* Exercise objective *
Return the lines that run from the beginning of the entries to the line holding "人喰岩への道にある注意看板", inclusive, and drop the pictures.
══ Source data
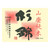 Sugii Shuzo Suginishiki Tamazakae Sake NV 720ml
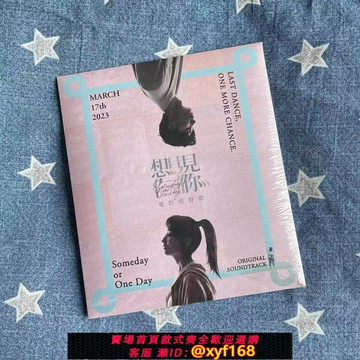 {保固一年 可打統編}【正版現貨】想見你 電影原聲CD 全新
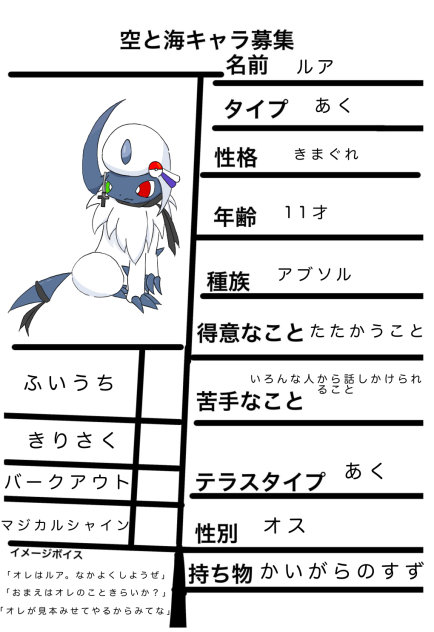 空と海キャラ募集やりました！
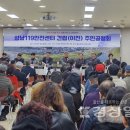 중부소방서 성남119안전센터 이미지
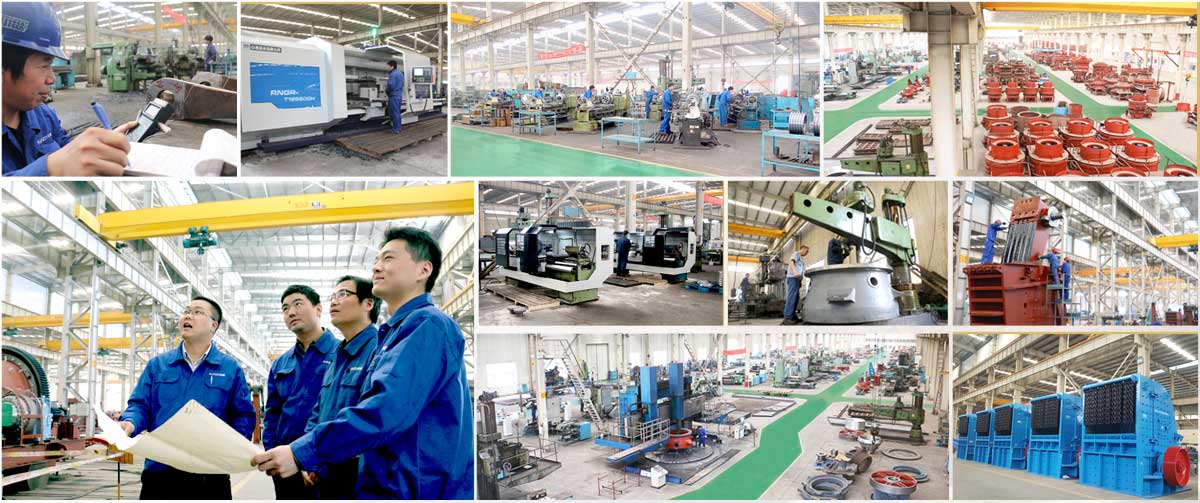 大華重工破碎機-企業(yè)優(yōu)勢
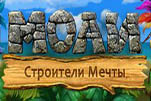 Моаи строители мечты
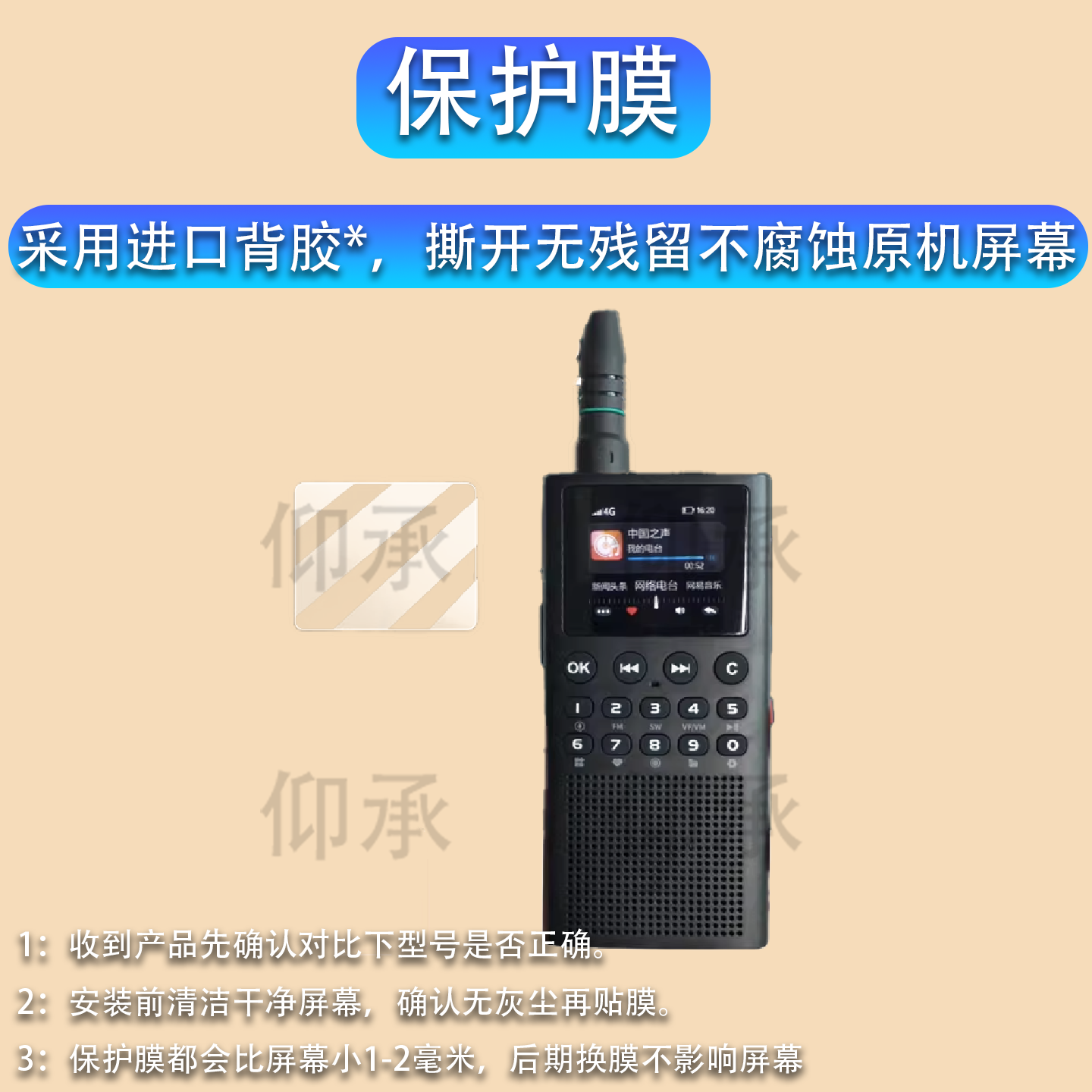 适用于朝元WT2对讲机贴膜新款公网双模对讲机屏幕膜非钢化膜朝元A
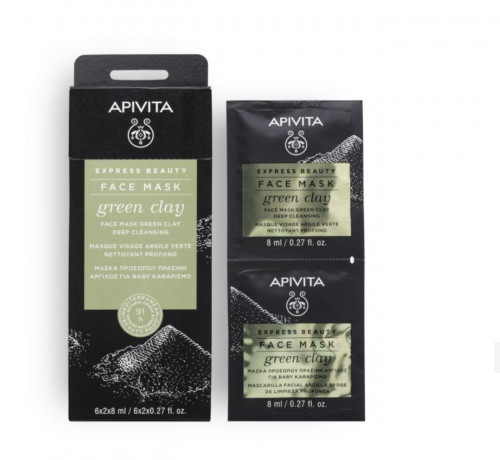 Apivita mascarilla facial arcilla verde limpieza profunda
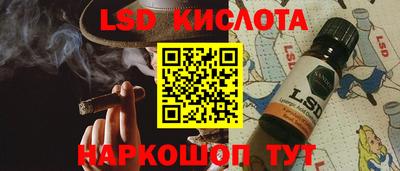 apvp Беслан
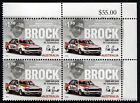 2022 Peter Brock 1980 Holden VC Commodore URC Corner Block of Four MUH Stamp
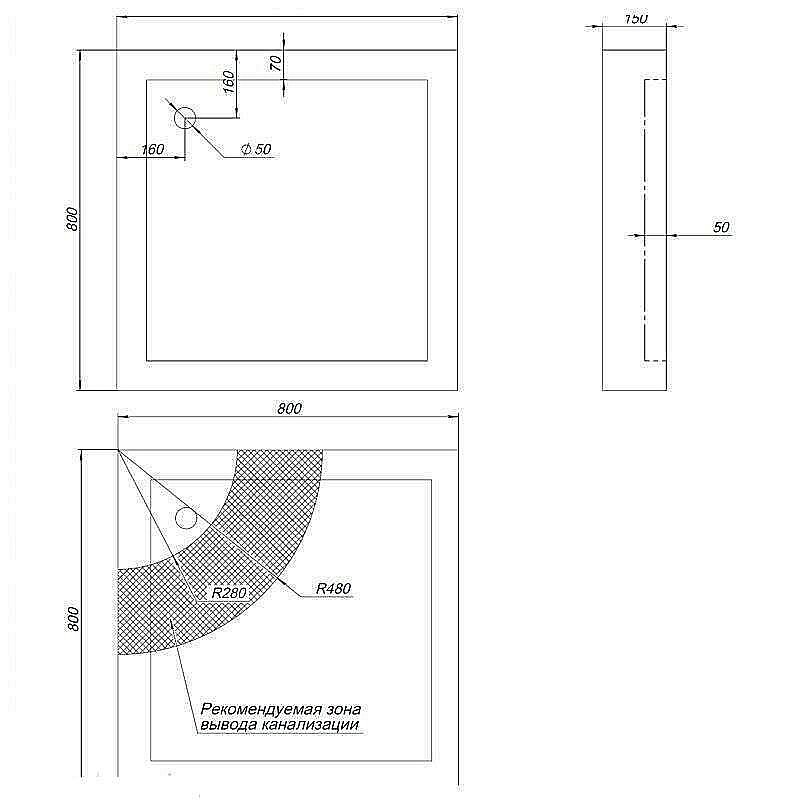 Душевой поддон Aquanet НХ108 00180693 80x80 купить в интернет-магазине Sanbest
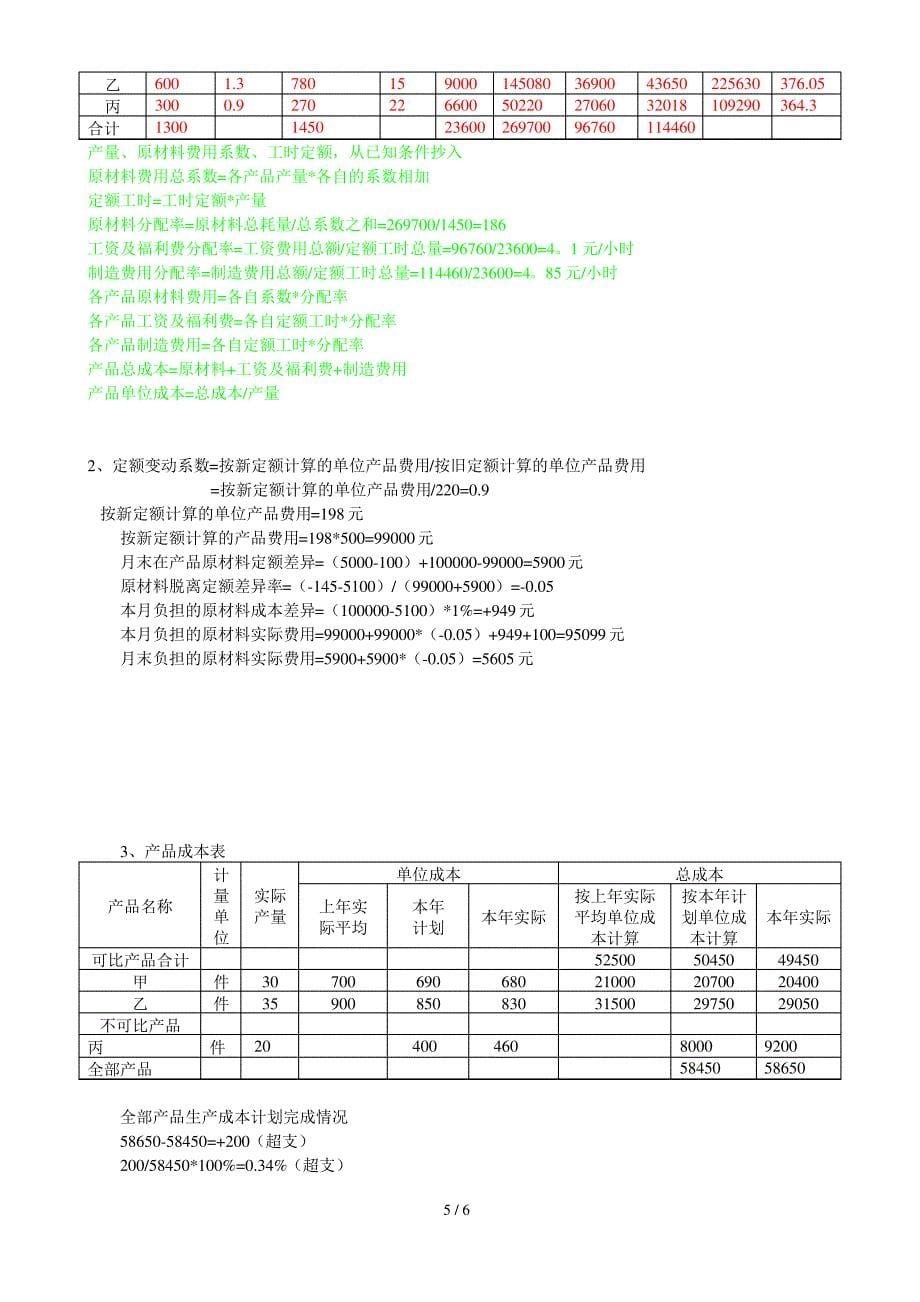 中央电大开放教育会计学专科《成本会计》_第5页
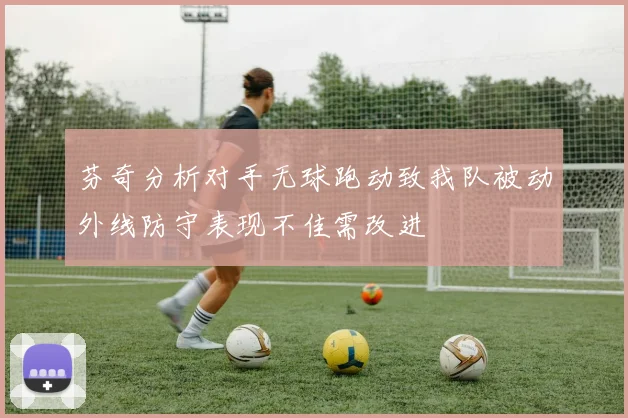 芬奇分析对手无球跑动致我队被动外线防守表现不佳需改进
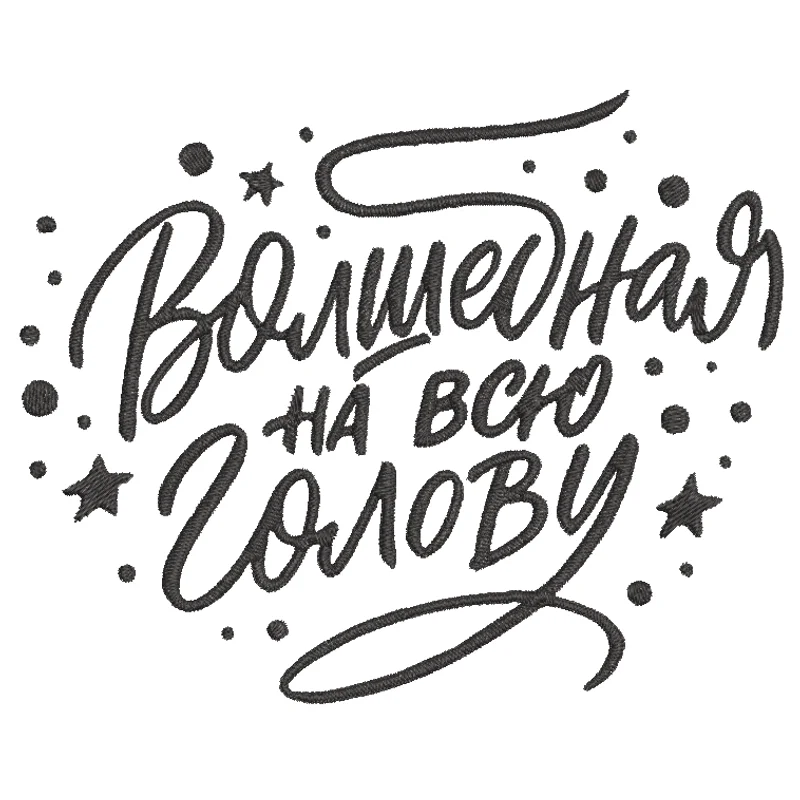 Надпись волшебная на всю голову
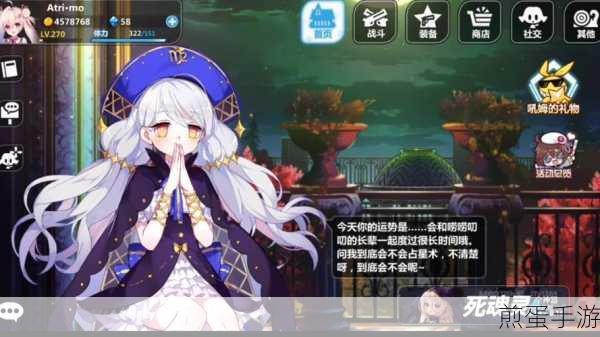 崩坏学园2,星灵守护·白羊徽章强度深度剖析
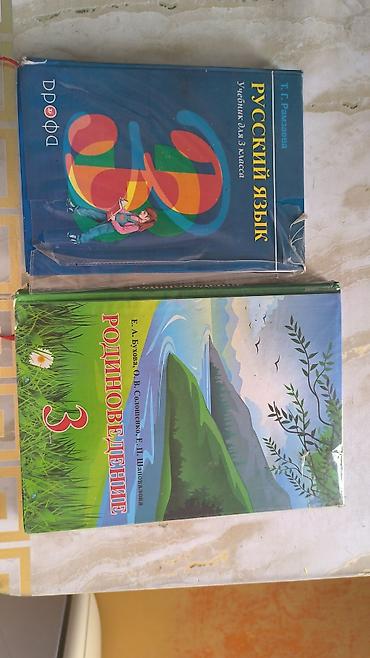 Продаю книги 3 класса, русский язык и родиноведение. Цена каждой книги at lalafo.kg Продаю книги 3 класса, русский язык и родиноведение. Цена каждой книги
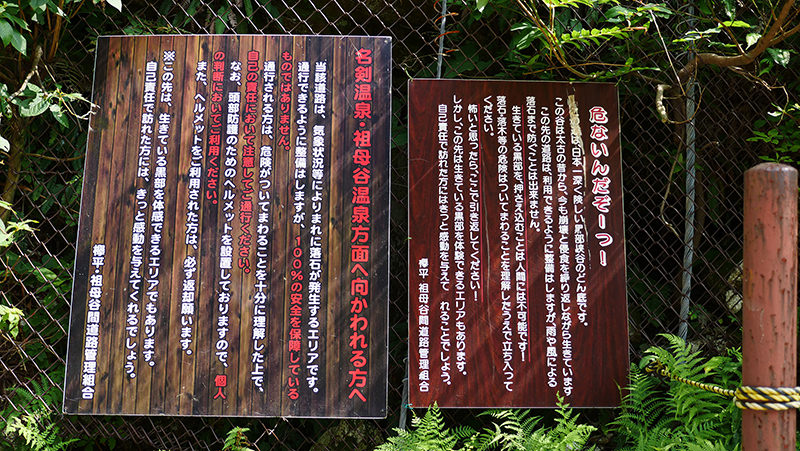 人喰岩への道にある注意看板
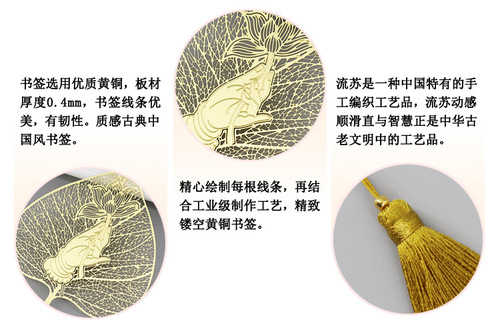 Buddha's Hand Lotus Bodhi Leaf Brass Tassel Metal Bookmark Chinese Style Ancient Style Creative Zen Style Buddha Culture and Creative Product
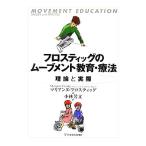  frosty. g. Movement образование * терапевтические теория . фактически /ma Lien n frosty. g( автор ), Kobayashi . документ (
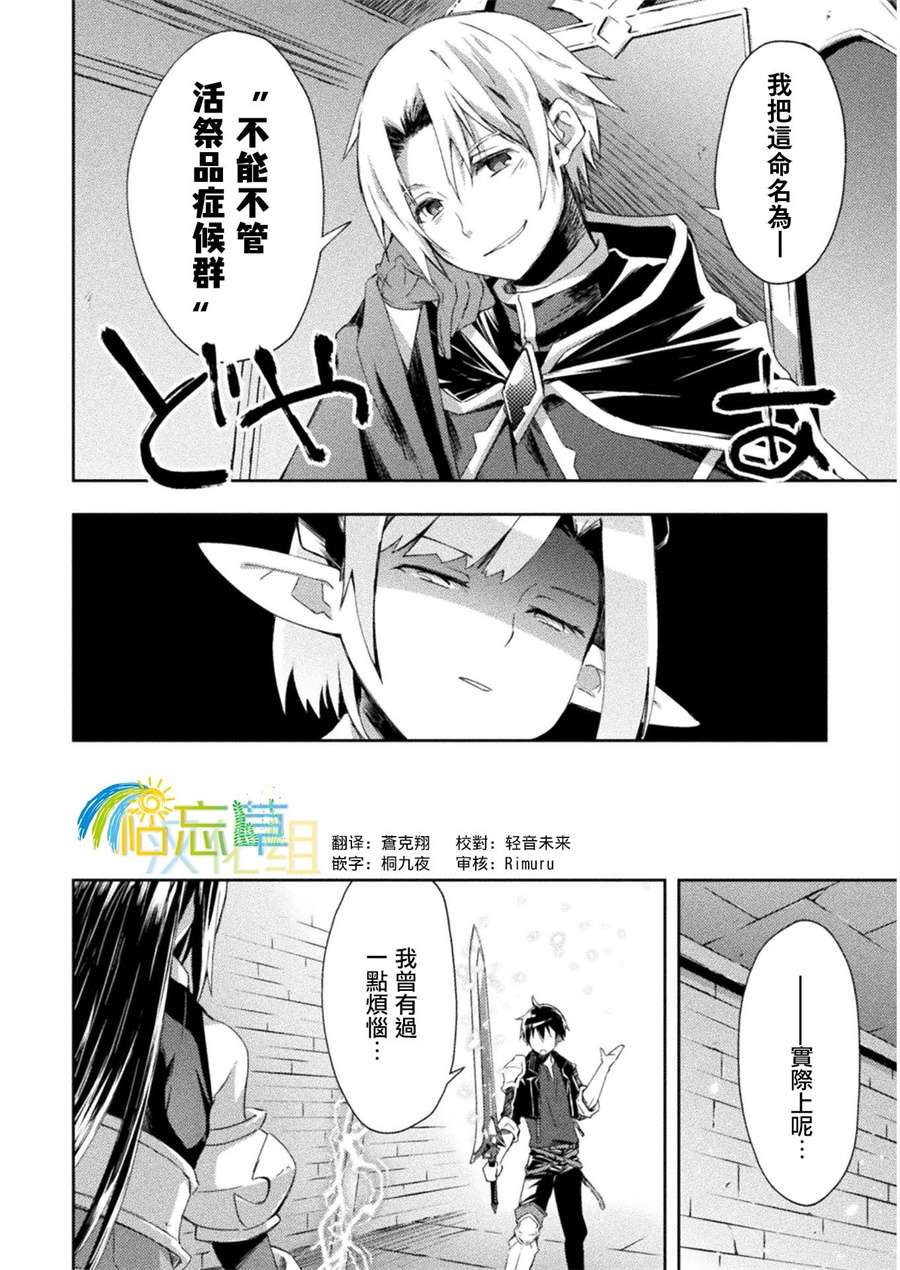 宅在魔王城堡的原勇者第08话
════
* Expected answer *
 Sugii Shuzo Suginishiki Tamazakae Sake NV 720ml
 {保固一年 可打統編}【正版現貨】想見你 電影原聲CD 全新
 空と海キャラ募集やりました！
 중부소방서 성남119안전센터 이미지
 大華重工破碎機-企業(yè)優(yōu)勢
 Моаи строители мечты
 适用于朝元WT2对讲机贴膜新款公网双模对讲机屏幕膜非钢化膜朝元A
 Apivita mascarilla facial arcilla verde limpieza profunda
 apvp Беслан
 2022 Peter Brock 1980 Holden VC Commodore URC Corner Block of Four MUH Stamp
 Душевой поддон Aquanet НХ108 00180693 80x80 купить в интернет-магазине Sanbest
 中央电大开放教育会计学专科《成本会计》_第5页
 芬奇分析对手无球跑动致我队被动外线防守表现不佳需改进
 Надпись волшебная на всю голову
 崩坏学园2,星灵守护·白羊徽章强度深度剖析
 Продаю книги 3 класса, русский язык и родиноведение. Цена каждой книги at lalafo.kg Продаю книги 3 класса, русский язык и родиноведение. Цена каждой книги
 人喰岩への道にある注意看板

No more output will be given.